The law relating to redundancy has become significantly more complicated over the last several years, and reaching redundancy decisions is riskier than ever. Ensuring that there is a clear plan at the outset of the restructuring, and the business case for the proposed change is well thought through, will assist in avoiding or, worst case scenario, defending, any dispute.
Redundancy decisions must be justified in accordance with the Employment Relations Act 2000 (Act), and particular good faith obligations apply under the Act too in respect of restructuring processes. In short, this means employers must be able to demonstrate that:
there was a genuine business reason for making a role redundant, (e.g. financial reasons such as a decline in sales); and
a full and fair consultative process has been followed, by which the affected employee has been given a fully informed opportunity to provide feedback on the proposal to make their role redundant before it is implemented.

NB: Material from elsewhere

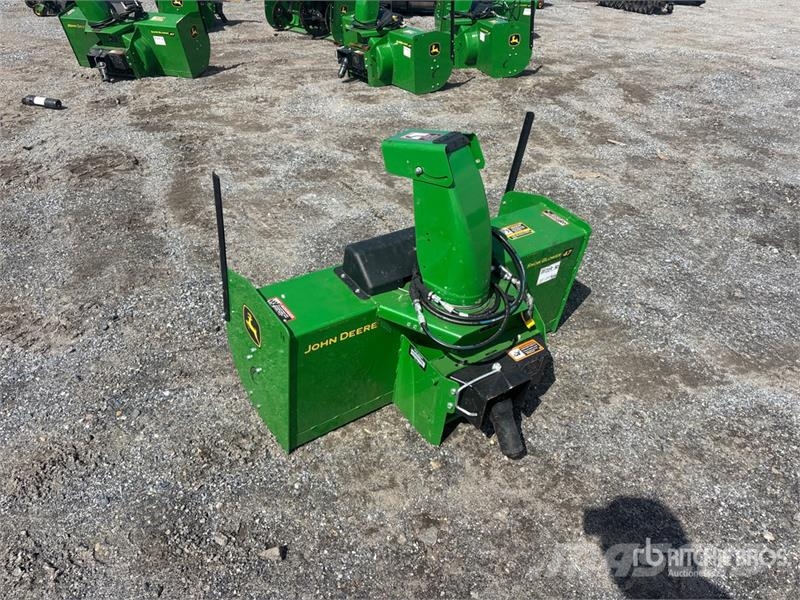 John Deere 47 in Snow Blower Attachment ماكينات زراعية - غير ذلك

What does fair process involve?
Once you have determined the genuine business reason for making employees redundant, you then need to ensure that you follow a fair process. A brief overview of this process, which usually takes a minimum of two weeks to complete, generally involves:
Developing a written proposal which outlines what is proposed, and why, including any selection criteria and redeployment options. The document should outline what the consequences should be if the proposal was accepted and finally, key dates within the overall timeframe for completion of the redundancy process.

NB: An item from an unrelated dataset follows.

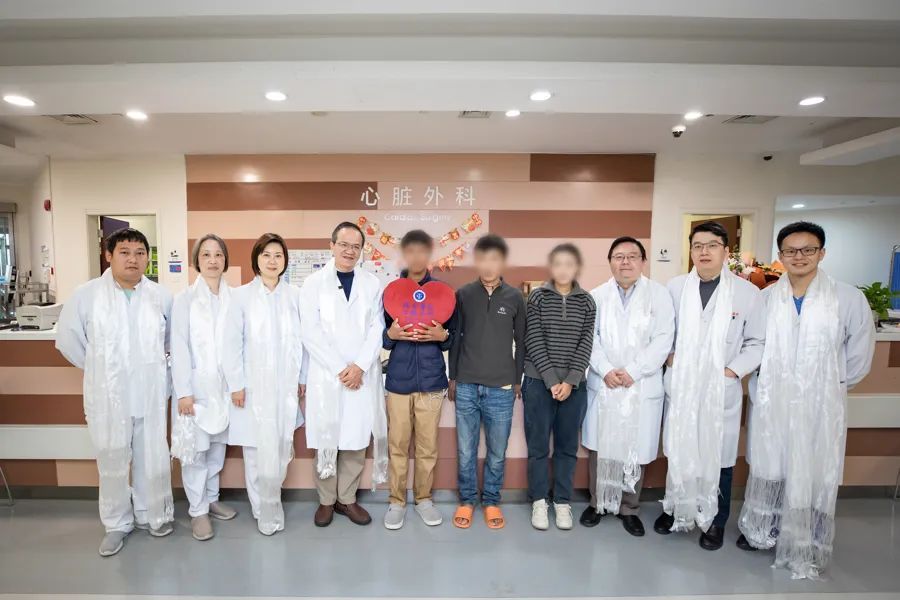 17歲少年咳嗽發(fā)熱15天，找不到感染原因！一查心臟更嚇人！上海醫(yī)生出手→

The proposal should then be presented to employees at a meeting, with emphasis on the proposed nature of the change (ie, no decisions have been made!) and feedback invited over a reasonable period of time and in an appropriate format (this will depend on the circumstances but should usually be received at a one to one meeting where the employee is represented or supported if they wish).
Feedback then needs to be considered and responded to, before the consultation process is concluded with announcement of the final decision to all affected employees and their representatives.
A selection process should then commence, if applicable. Otherwise redundant employees should be given notice of termination, with confirmation of any other entitlements per their employment agreement or applicable policy.
Then, once affected employees’ employment has terminated, the new structure may be implemented.
While the redundancy process can be tricky to manage, ensuring you work within the current legal framework will assist you in achieving the best possible outcome for your business and employees. There are myriad possible redundancy scenarios, and we recommend seeking advice before embarking on this kind of change, given the complexity involved in the law, and the need to ensure you’re taking the right steps in the circumstances.
Disclaimer: We remind you that while this article provides commentary on employment law topics, it should not be used as a substitute for legal or professional advice for specific situations. Please seek guidance from your employment lawyer for any questions specific to your workplace.